A University employee walking through the Chemistry Building on early Monday morning reported that she saw a man pointing a gun at her. She walked away and returned a few minutes later, and the man was gone. Whenever an incident occurs on campus that involves a potentially armed person, the University’s Department of Public Safety has a responsibility to immediately inform students of the situation using the emergency alert system. Some students instantly received text messages or phone calls from DPS, but many students weren’t informed of the event until the next day. DPS needs to ensure that there is a unified emergency response to all students when a dangerous situation occurs.

According to an April 4 Daily article, DPS spokeswoman Diane Brown chose not to send a crime alert via e-mail because police were nearing an “all clear” of the situation. However, at 1 a.m. on Monday, an emergency alert was sent via text message. Another text message alert was sent at 1:25 a.m. that informed recipients the situation was “all clear.” Students who had previously signed up for the text messaging service were alerted of the potential danger, but students who were not had no idea. A mass e-mail was finally sent at 10:30 a.m. on Monday that notified all students of the recent events.

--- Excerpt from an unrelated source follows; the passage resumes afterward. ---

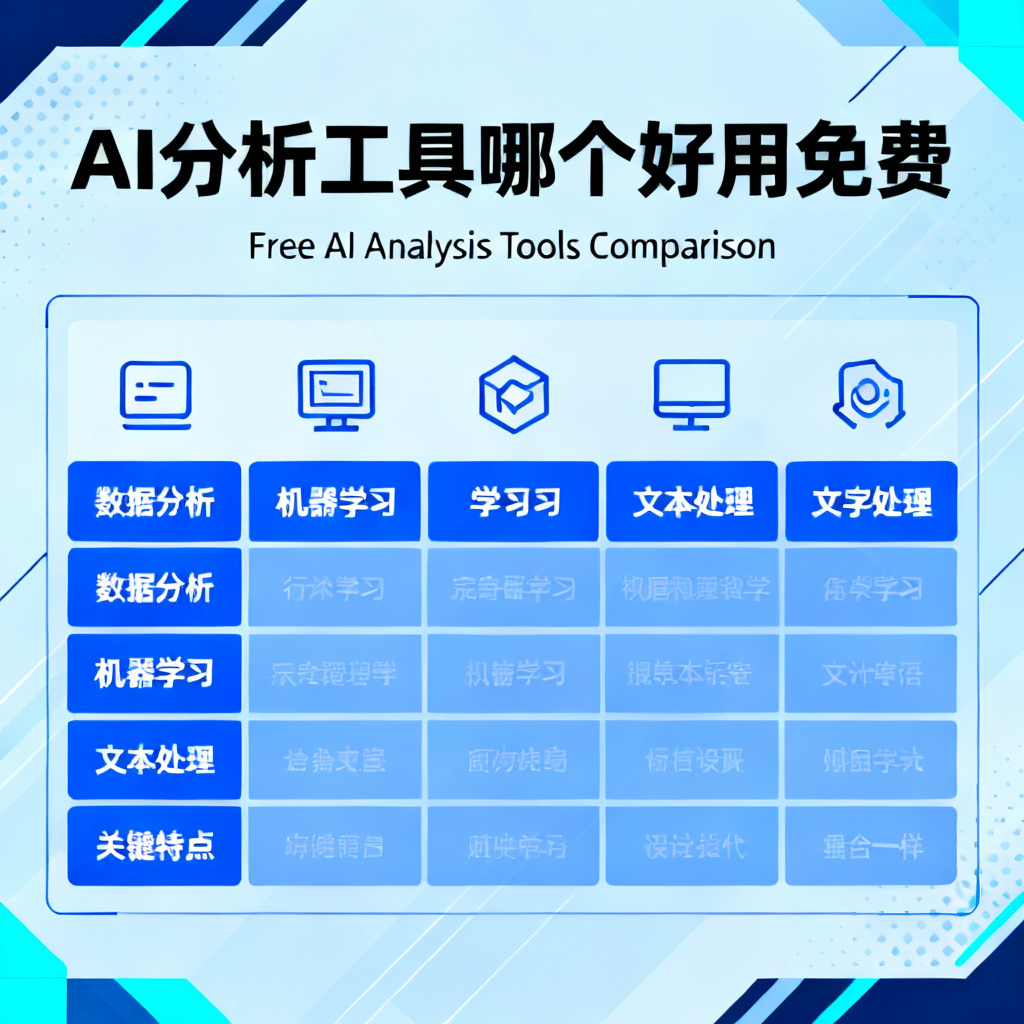 AI分析工具哪个好用免费？2026最新完整教程与实操指南配图1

It’s troubling that only some students were informed of a dangerous situation as it was occurring while others received a notification more than nine hours later. All students should have been informed immediately. Whenever a gun may be involved, regardless of the severity of the situation, DPS should inform every University student.

Brown should not have chose to hold off on informing the student body of the alleged gunman until the next morning. Even if the emergency was contained and the situation was nearing an “all clear,” students have a right to know when a dangerous event is occurring on campus. Since the reported gunman was never found, it was a very real possibility that he was still somewhere on campus after the “all clear” was given.

Brown said in the article that police “didn’t have solid enough information at midnight to warrant activating the emergency alert,” primarily because the witness of the crime wasn’t certain if the gun was real. Whether or not the employee saw an actual gun, DPS should have sent a precautionary alert to all students. Their intent to not cause a panic is understandable, but an alert that makes students aware of the scenario and notes that it is not an emergency situation would have been prudent.

It’s not uncommon for students to walk around campus at midnight — the time when the incident occurred. Students need to know about situations like this in order to take extra precautions and be extremely aware of their surroundings. Regardless of how well DPS felt the situation was contained, it had a responsibility to inform the student body of the potentially serious situation.

Students always need to be aware of their surroundings late at night, and even more so if there is a possible crime. Fortunately, no one was hurt as a result of Monday’s incident, but DPS’s failure to properly alert the entire student body was disappointing.